Larry King, the broadcast legend who died Saturday at the age of 87, deserves more credit than he typically gets for helping to build CNN and realize Ted Turner’s audacious vision for a 24-hour global news network.
In his prime, King’s “Larry King Live” interviews regularly made headlines thanks to his unique questioning style, which could be remarkably incisive about the subject at hand as well as, occasionally, cringe-worthy misinformed. As CNN gained prominence in the late 1980s and ’90s, King’s show became one of the hottest stops on the TV circuit for newsmakers, political leaders, captains of industry, crusading activists and celebrities, ranging from Barbra Streisand and Liza Minnelli to Donald Trump and Oprah Winfrey to Suzanne Somers and Barbara Eden.
The variety of King’s guests and the fact that it went out live every night at 9 p.m.
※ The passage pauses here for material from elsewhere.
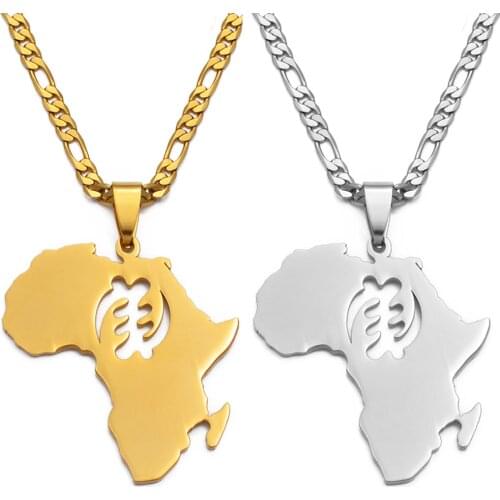 Anniyo African Map Symbol Pendant Necklaces Women Men Gold Color Stainless Steel Adinkra Gye Nyame Ethnic Jewelry Ghana #128821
ET/6 p.m. PT gave the show extra sizzle. The inclusion of call-in questions from viewers was a nod to King’s earlier radio days as a talk jock. The host took cues about what the general public wanted to know from the tenor of his listeners’ queries.
In a sign of how much the media universe has changed, it’s unimaginable in the age of social media that major stars, ex-presidents, U.S. senators and myriad celebrities would go live for an hour on TV with an interviewer who proudly didn’t like to prepare. King’s show sought to be the Instagram of its time, a hub of news and dish on the story that everyone in the country was talking about on any given day.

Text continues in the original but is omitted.